Sure, some of you might say - but Jana, Northern Ireland is part of the UK - and you'd be right. But if you take a peek at my list of how many countries there are in the world, you'll see I've included about 80 territories that aren't countries, and I've also broken down the UK into Northern Ireland, Scotland, Wales and England, each worthy of their own travels and their own spots on my list.
So, I flew direct from Madrid to Dublin and was greeted with sunshine. On my first day, I was surprised, because sun is rare on this island. Well, turns out I ended up with dry weather almost every single day of my trip, barring one day in Belfast and a few hours on the Cliffs of Moher on Ireland's west coast. Not sure how I got so lucky during my eleven days here but I feel grateful for it.
How to Get from Dublin or Belfast to Carrick-a-Rede Rope Bridge
From Dublin Airport, I took a direct easy bus straight north over the border into Northern Ireland and spent a night at the Global Village hostel in Belfast.
The next morning, I caught a 1.5-hour train from Belfast Botanica to Coleraine, the main transport hub on the north coast. From there, the 402 bus runs frequently all the way along the Northern Irish coast, stopping at all the towns, viewpoints and tourist attractions along the way, including castles, hiking trails and the Giant's Causeway - as well as the Carrick-a-Rede Rope Bridge.
Where to Stay on the Causeway Coast in Northern Ireland
For the Causeway Coast, I can highly recommend the Whitepark Bay Youth Hostel. The wifi is weak and the hostel itself is a bit cold and uninviting, but WOW is the location incredible and the view from the hostel is absolutely the best I've ever had. It's right on the 402 bus line and sits over Whitepark Bay which, on a sunny day, offers the most spectacular sight across the coast and towards Scotland and the North Atlantic Ocean.
Visiting the Carrick-a-Rede Rope Bridge
The 402 bus also goes directly to the Carrick-a-Rede Rope Bridge; there's also plenty of parking. You need to book in advance if you want tickets to cross the bridge but if you're okay with just walking along the coastway (about 3km return) and spotting the bridge from afar, then that's completely free - and in my opinion that's more than enough. I met a French-Canadian girl in my hostel dorm room and we went together and got super lucky and scored last minute tickets when we arrived, but don't count on that!
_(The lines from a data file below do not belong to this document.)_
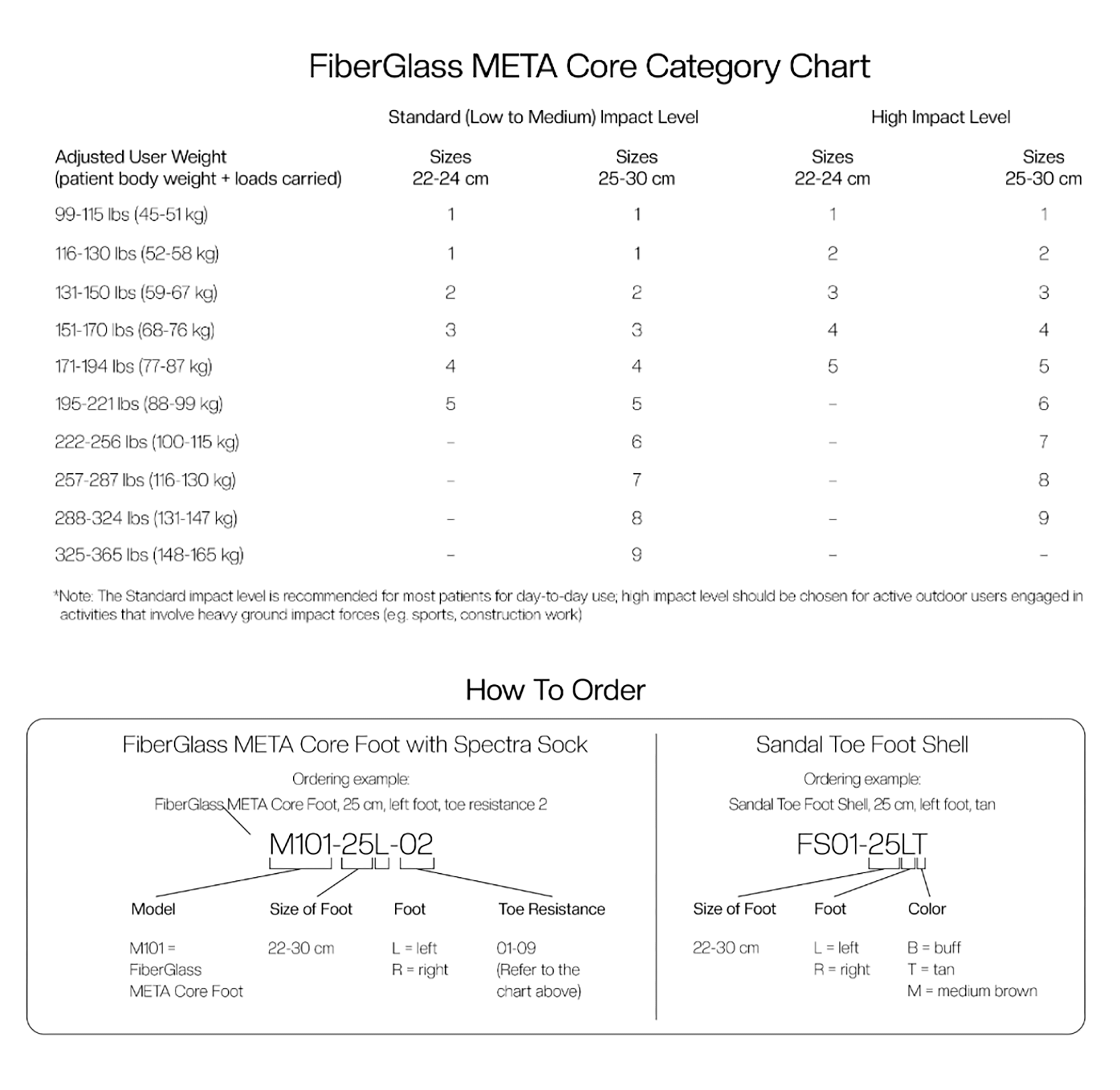 FiberGlass META Core Ordering Guidelines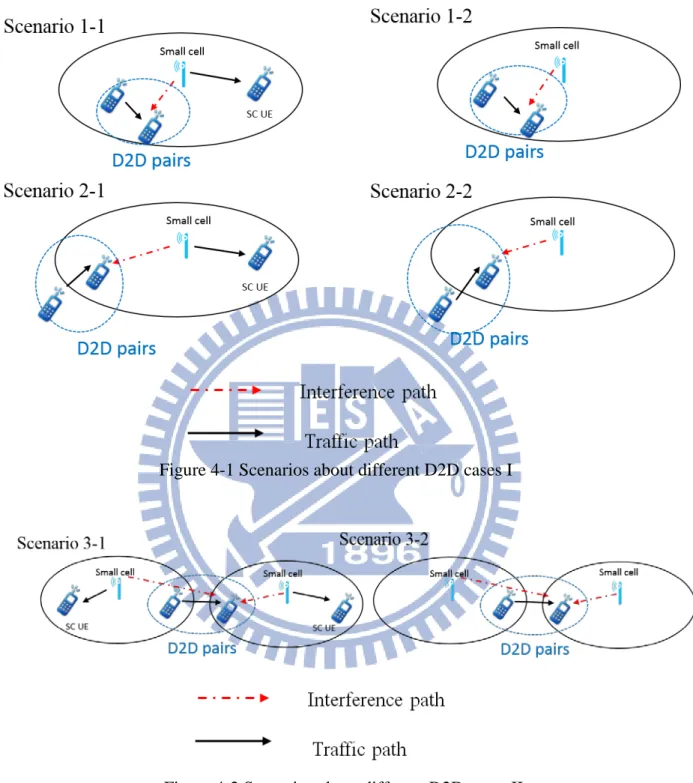 Figure 4-1 Scenarios about different D2D cases I 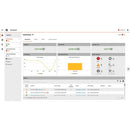 Vertiv ENVA-SERVER Environet Alert Data Center Monitoring Server License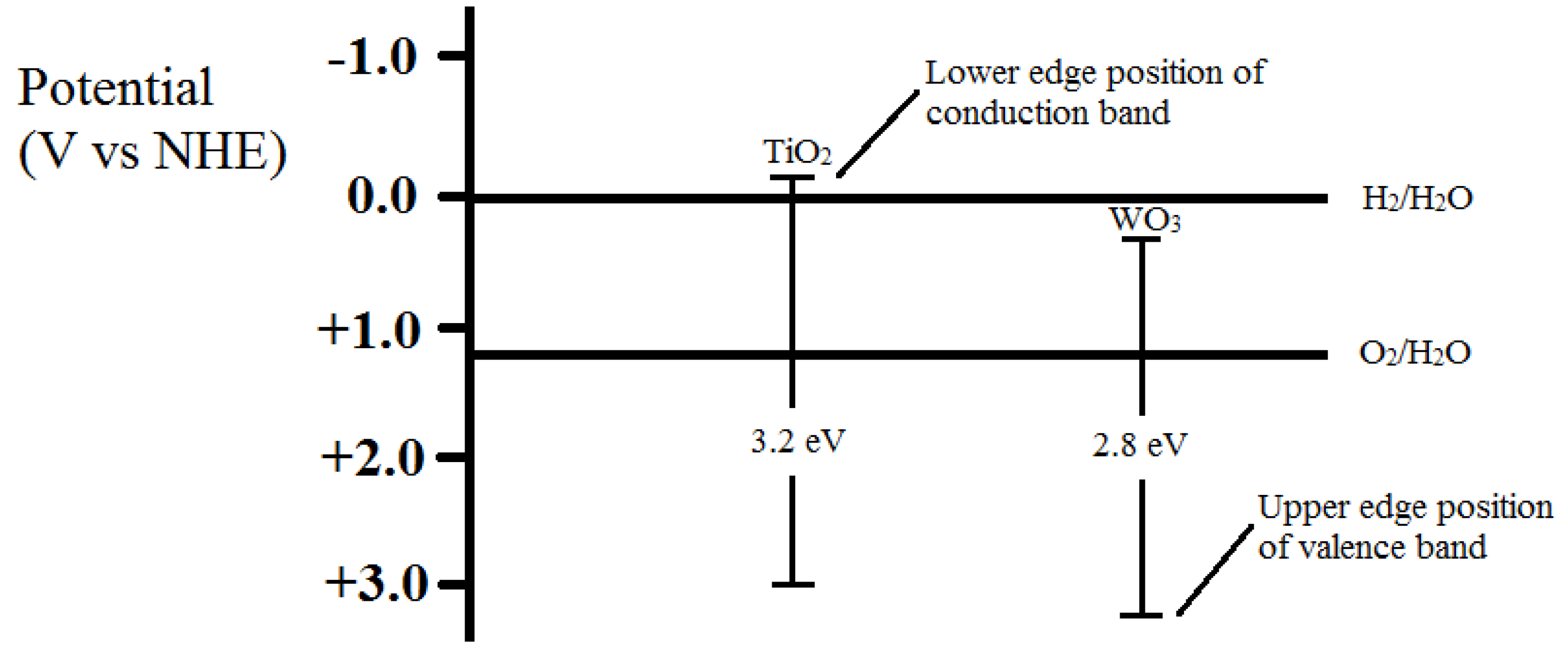 Materials 08 02139 g008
The Carrick-a-Rede Rope Bridge is a rope bridge stretching across the Atlantic Ocean from the mainland to Carrick-a-Rede Island where an old fisherman's cottage sits, constantly battered by the wind and the rain. The original rope bridge was built over 250 years ago for fisherman and nowadays a restored (and much safer) version is a world famous tourist attraction. The entire coastline walk is simply exquisite.